Once again, this was a rebuke. And a pretty forceful one. Missouri’s attorney never really got his bearings back. The judges continued to pepper him with adversarial questions throughout his delivery.
As I listened to the oral arguments live, it was at the moment described above that I thought to myself, when Robert Epstein is called back up to make final statements for the plaintiffs he really shouldn’t get off his chair. He really shouldn’t say a word. He should merely tell the judges, “We have nothing further.” Anything else would have been akin to sending Ricky Henderson to steal second base in the top of the 9th while his team was winning 10-0. In the end, Mr. Epstein made a quick comment and sat down.
If you follow these sorts of wine shipping cases, I urge you to listen to the recording of the oral arguments.
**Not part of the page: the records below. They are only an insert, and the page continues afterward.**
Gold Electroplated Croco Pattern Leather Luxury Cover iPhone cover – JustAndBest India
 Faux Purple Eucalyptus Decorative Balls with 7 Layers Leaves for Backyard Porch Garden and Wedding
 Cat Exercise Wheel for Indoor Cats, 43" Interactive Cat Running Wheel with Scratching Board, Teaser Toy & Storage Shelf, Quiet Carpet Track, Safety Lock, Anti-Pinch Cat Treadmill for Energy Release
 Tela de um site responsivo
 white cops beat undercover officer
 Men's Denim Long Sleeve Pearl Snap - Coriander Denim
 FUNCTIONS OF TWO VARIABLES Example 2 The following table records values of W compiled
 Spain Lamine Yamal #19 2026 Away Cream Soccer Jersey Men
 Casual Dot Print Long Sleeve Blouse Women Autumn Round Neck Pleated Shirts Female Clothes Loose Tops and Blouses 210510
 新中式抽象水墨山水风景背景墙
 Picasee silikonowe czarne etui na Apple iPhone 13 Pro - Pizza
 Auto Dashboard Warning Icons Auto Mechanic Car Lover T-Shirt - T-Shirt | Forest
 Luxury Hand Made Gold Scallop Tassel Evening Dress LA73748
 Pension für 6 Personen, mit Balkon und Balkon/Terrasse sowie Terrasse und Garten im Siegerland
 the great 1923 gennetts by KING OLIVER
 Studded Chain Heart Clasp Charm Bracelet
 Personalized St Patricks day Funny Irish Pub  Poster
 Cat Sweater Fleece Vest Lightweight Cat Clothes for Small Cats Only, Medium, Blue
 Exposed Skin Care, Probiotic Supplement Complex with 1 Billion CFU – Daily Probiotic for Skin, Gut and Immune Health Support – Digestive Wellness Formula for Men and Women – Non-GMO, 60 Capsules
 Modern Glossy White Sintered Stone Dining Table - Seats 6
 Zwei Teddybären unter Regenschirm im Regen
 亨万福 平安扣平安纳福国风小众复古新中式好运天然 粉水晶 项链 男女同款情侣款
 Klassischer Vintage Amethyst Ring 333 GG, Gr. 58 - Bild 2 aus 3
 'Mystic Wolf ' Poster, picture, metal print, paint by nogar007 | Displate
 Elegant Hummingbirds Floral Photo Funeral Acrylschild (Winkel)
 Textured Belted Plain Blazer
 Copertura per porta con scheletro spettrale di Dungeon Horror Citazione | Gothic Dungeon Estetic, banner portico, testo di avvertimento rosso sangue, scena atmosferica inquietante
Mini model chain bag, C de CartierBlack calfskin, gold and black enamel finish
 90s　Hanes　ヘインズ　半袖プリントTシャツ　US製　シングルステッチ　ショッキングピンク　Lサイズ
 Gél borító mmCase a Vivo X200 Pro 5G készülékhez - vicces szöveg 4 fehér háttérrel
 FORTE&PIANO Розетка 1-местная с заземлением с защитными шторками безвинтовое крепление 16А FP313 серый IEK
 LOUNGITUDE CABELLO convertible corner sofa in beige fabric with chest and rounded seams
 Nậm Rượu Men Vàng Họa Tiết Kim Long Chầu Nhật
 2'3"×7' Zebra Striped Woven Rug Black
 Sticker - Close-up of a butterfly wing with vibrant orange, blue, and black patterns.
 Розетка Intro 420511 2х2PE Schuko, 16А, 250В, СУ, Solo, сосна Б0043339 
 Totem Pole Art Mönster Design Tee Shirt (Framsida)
The wheels of justice turn very slowly, particularly when you are dealing with federal court cases. This case began in 2017. It likely won’t be ended until the end of 2021. Meanwhile, there are eight other very similar cases working their way through the federal court system. Additionally, there is a possibility that one of those cases will be accepted by the Supreme Court by the end of this year.
However, what this particular oral argument tells me is that the legal legitimacy of the three-tier system does not carry nearly the weight it once did. Twenty years ago it would have been very unlikely to hear a judge publicly rebuke an attorney for giving so much weight to the legitimacy and importance of that system. This all bodes well for consumers, wine retailers, free trade, and modernity’s long-standing effort to push its nose into the alcohol regulatory tent.